Machadada na Educação Física e no Desporto Escolar
Entretanto, em 1996, no decurso do projecto de desenvolvimento desportivo açoriano, o então Secretário Regional da Educação autorizou que a coordenação da Educação Física e do Desporto Escolar fosse transferida para a Direção Regional da Educação e, como tal, colocada numa gaveta sem fundo. Uma decisão política irresponsável, sem qualquer fundamentação técnica e pedagógica. Uma mudança catastrófica para o sistema educativo e desportivo na Região Autónoma dos Açores, quer dizer, voltámos à situação que ainda se vive no continente em que a educação física funciona em roda livre, sem respeito pelas etapas da formação desportiva e o desporto escolar não funciona. Esta situação conduziu o país aos últimos lugares da prática desportiva no contexto europeu, assim como às mais altas percentagens de abandono precoce da actividade desportiva nos escalões juniores nas diferentes modalidades desportivas. Actualmente, os clubes açorianos que participam em provas nacionais nos desportos colectivos têm imensa dificuldade em encontrar atletas formados na região  para as suas equipas, pelo que têm de recorrer frequentemente à  contratação de jogadores continentais. A Educação Física e o Desporto Escolar são a base de sustentação do desenvolvimento desportivo, em qualquer região ou país que possua um sistema educativo a funcionar correctamente.

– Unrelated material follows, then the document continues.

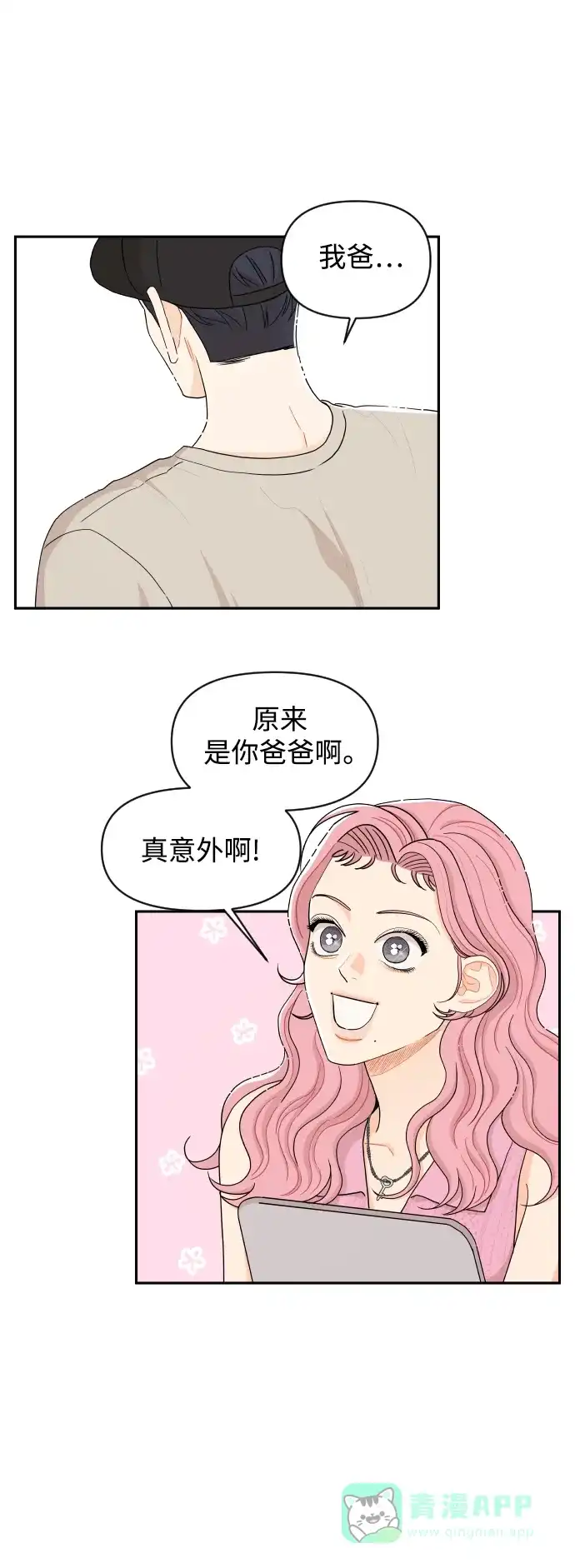 传闻中的吴潇姗 第29话 第33页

Assembleia Legislativa Regional asfixia o Desporto Açoriano
Recentemente, a Assembleia Legislativa Regional dos Açores, resolveu   chumbar a proposta do Plano e  Orçamento  para 2024. Nunca semelhante situação tinha ocorrido na história da autonomia açoriana. Esta decisão, contaminada por alguns interesses partidários,  põe em causa uma série de conquistas dos funcionários da administração pública regional e não só. O sistema desportivo açoriano é frágil, o grau de dependência dos clubes e associações desportivas do financiamento da Direção Regional do Desporto é elevado. A maior fatia do orçamento diz respeito ao custo das deslocações inter-ilhas  nas provas regionais e nas deslocações ao continente e Madeira para cumprimento da calendarização referente às provas nacionais. Se juntarmos a esse valor as despesas das viagens internas e estadia no território continental a situação começa a ficar complicada. O financiamento produzido pela Direção Regional do Desporto é feito sob a forma de Contratos Programa com natureza anual ou plurianual. Os picos de pagamento coincidem com o início do ano (Fev/Mar) e com o final das épocas desportivas (Julho/Agosto). Se os valores ultrapassarem o valor do duodécimo ficarão verbas por regularizar junto de clubes e associações desportivas. Ao que tudo indica vai haver eleições regionais no mês de Fevereiro e a aprovação do Plano e Orçamento para 2024 levará mais dois meses. A fragilidade da tesouraria dos clubes e das associações pode levar ao ponto de rotura do sistema desportivo açoriano e pode implicar a desistência de alguns clubes de participar nas provas nacionais por falta de fundo de maneio. A nova Assembleia Regional que resolva o problema que os ex-deputados criaram.